File size: 12,404 Bytes

import torch
import torch.nn as nn
from huggingface_hub import PyTorchModelHubMixin

from networks import UnetGenerator, PatchGAN

class Pix2Pix(
    nn.Module,
    PyTorchModelHubMixin):
    """Create a Pix2Pix class. It is a model for image to image translation tasks.
    By default, the model uses a Unet architecture for generator with transposed
    convolution. The discriminator is 70x70 PatchGAN discriminator, by default.
     """
    def __init__(self, 
                 c_in: int = 3, 
                 c_out: int = 3, 
                 is_train: bool = True,
                 netD: str = 'patch',
                 lambda_L1: float = 100.0,
                 is_CGAN: bool = True,
                 use_upsampling: bool = False,
                 mode: str = 'nearest',
                 c_hid: int = 64,
                 n_layers: int = 3,
                 lr: float = 0.0002,
                 beta1: float = 0.5,
                 beta2: float = 0.999
                 ):
        """Constructs the Pix2Pix class.
        
        Args:
            c_in: Number of input channels
            c_out: Number of output channels
            is_train: Whether the model is in training mode
            netD: Type of discriminator ('patch' or 'pixel')
            lambda_L1: Weight for L1 loss
            is_CGAN: If True, use conditional GAN architecture
            use_upsampling: If True, use upsampling in generator instead of transpose conv
            mode: Upsampling mode ('nearest', 'bilinear', 'bicubic')
            c_hid: Number of base filters in discriminator
            n_layers: Number of layers in discriminator
            lr: Learning rate
            beta1: Beta1 parameter for Adam optimizer
            beta2: Beta2 parameter for Adam optimizer
        """
        super(Pix2Pix, self).__init__()
        self.is_CGAN = is_CGAN
        self.lambda_L1 = lambda_L1
        self.is_train = is_train

        self.gen = UnetGenerator(c_in=c_in, c_out=c_out, use_upsampling=use_upsampling, mode=mode)
        self.gen = self.gen.apply(self.weights_init)
        
        if self.is_train:
            # Conditional GANs need both input and output together, the total input channel is c_in+c_out
            disc_in = c_in + c_out if is_CGAN else c_out
            self.disc = PatchGAN(c_in=disc_in, c_hid=c_hid, mode=netD, n_layers=n_layers) 
            self.disc = self.disc.apply(self.weights_init)
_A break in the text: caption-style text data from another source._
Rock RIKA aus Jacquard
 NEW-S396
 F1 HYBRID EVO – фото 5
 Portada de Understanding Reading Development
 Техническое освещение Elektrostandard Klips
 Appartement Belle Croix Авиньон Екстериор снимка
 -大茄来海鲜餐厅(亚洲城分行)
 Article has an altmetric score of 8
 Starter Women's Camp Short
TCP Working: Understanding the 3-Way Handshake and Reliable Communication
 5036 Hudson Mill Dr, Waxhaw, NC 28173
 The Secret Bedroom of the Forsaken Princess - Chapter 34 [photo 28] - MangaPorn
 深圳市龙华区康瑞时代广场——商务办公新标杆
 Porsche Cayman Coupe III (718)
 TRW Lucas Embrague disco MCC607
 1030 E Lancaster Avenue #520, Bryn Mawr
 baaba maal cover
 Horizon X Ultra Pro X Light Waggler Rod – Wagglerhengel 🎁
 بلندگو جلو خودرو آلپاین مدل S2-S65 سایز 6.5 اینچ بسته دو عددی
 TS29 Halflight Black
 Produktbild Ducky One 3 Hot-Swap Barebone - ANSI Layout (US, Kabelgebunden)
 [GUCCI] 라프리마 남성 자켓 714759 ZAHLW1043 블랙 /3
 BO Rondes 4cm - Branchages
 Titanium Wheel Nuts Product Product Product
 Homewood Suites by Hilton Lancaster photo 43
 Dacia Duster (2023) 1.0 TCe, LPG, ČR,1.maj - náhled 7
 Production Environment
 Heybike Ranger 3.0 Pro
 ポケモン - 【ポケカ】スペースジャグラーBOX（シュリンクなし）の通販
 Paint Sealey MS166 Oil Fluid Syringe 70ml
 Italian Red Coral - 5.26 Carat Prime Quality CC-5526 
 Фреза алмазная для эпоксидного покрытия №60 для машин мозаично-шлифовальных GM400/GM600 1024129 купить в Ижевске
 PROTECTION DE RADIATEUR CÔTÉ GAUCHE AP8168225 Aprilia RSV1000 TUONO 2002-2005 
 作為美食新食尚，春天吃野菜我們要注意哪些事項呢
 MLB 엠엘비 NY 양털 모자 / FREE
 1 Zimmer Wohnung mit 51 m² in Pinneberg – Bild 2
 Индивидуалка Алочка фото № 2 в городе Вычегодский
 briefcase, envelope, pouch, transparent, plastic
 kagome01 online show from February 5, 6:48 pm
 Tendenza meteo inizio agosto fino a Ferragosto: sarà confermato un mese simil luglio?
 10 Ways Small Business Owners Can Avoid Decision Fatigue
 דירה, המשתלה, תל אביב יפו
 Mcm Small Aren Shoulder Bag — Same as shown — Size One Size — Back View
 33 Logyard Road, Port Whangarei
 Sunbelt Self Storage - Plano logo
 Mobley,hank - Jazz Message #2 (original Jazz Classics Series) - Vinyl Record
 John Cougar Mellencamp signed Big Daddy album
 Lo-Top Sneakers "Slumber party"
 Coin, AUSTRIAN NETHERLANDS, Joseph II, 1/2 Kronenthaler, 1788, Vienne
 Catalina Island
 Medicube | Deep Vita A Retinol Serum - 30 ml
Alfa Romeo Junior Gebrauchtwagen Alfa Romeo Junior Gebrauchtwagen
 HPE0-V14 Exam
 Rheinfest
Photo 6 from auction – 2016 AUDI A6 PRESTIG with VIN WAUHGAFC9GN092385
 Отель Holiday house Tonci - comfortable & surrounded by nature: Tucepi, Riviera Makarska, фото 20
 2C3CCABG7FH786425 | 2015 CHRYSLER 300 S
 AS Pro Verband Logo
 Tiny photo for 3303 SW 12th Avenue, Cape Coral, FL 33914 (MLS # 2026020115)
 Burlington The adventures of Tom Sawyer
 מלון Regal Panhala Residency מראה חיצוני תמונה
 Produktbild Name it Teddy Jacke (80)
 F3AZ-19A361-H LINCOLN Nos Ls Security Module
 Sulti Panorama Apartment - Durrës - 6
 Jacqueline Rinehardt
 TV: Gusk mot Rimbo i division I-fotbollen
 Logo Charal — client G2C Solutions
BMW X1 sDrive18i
            # Initialize optimizers
            self.gen_optimizer = torch.optim.Adam(
                self.gen.parameters(), lr=lr, betas=(beta1, beta2))
            self.disc_optimizer = torch.optim.Adam(
                self.disc.parameters(), lr=lr, betas=(beta1, beta2))

            # Initialize loss functions
            self.criterion = nn.BCEWithLogitsLoss()
            self.criterion_L1 = nn.L1Loss()
    
    def forward(self, x: torch.Tensor):
        return self.gen(x)
    
    @staticmethod    
    def weights_init(m):
        """Initialize network weights.
        
        Args:
            m: network module
        """
        if isinstance(m, nn.Conv2d) or isinstance(m, nn.ConvTranspose2d):
            nn.init.normal_(m.weight, 0.0, 0.02)
            if hasattr(m, 'bias') and m.bias is not None:
                nn.init.constant_(m.bias, 0.0)
        if isinstance(m, nn.BatchNorm2d):
            nn.init.normal_(m.weight, 1.0, 0.02)
            nn.init.constant_(m.bias, 0)

    def _get_disc_inputs(self, 
                         real_images: torch.Tensor,
                         target_images: torch.Tensor, 
                         fake_images: torch.Tensor
                         ):
        """Prepare discriminator inputs based on conditional/unconditional setup."""
        if self.is_CGAN:
            # Conditional GANs need both input and output together, 
            # Therefore, the total input channel is c_in+c_out
            real_AB = torch.cat([real_images, target_images], dim=1)
            fake_AB = torch.cat([real_images, 
                               fake_images.detach()], 
                               dim=1)
        else:
            real_AB = target_images
            fake_AB = fake_images.detach()
        return real_AB, fake_AB
    
    def _get_gen_inputs(self, 
                        real_images: torch.Tensor, 
                        fake_images: torch.Tensor
                        ):
        """Prepare discriminator inputs based on conditional/unconditional setup."""
        if self.is_CGAN:
            # Conditional GANs need both input and output together, 
            # Therefore, the total input channel is c_in+c_out
            fake_AB = torch.cat([real_images, 
                               fake_images], 
                               dim=1)
        else:
            fake_AB = fake_images
        return fake_AB
    
    
    def step_discriminator(self, 
                           real_images: torch.Tensor, 
                           target_images: torch.Tensor, 
                           fake_images: torch.Tensor
                           ):
        """Discriminator forward/backward pass.
        
        Args:
            real_images: Input images
            target_images: Ground truth images
            fake_images: Generated images
            
        Returns:
            Discriminator loss value
        """
        # Prepare inputs
        real_AB, fake_AB = self._get_disc_inputs(real_images, target_images, 
                                                fake_images)
          
        # Forward pass through the discriminator
        pred_real = self.disc(real_AB) # D(x, y)
        pred_fake = self.disc(fake_AB) # D(x, G(x))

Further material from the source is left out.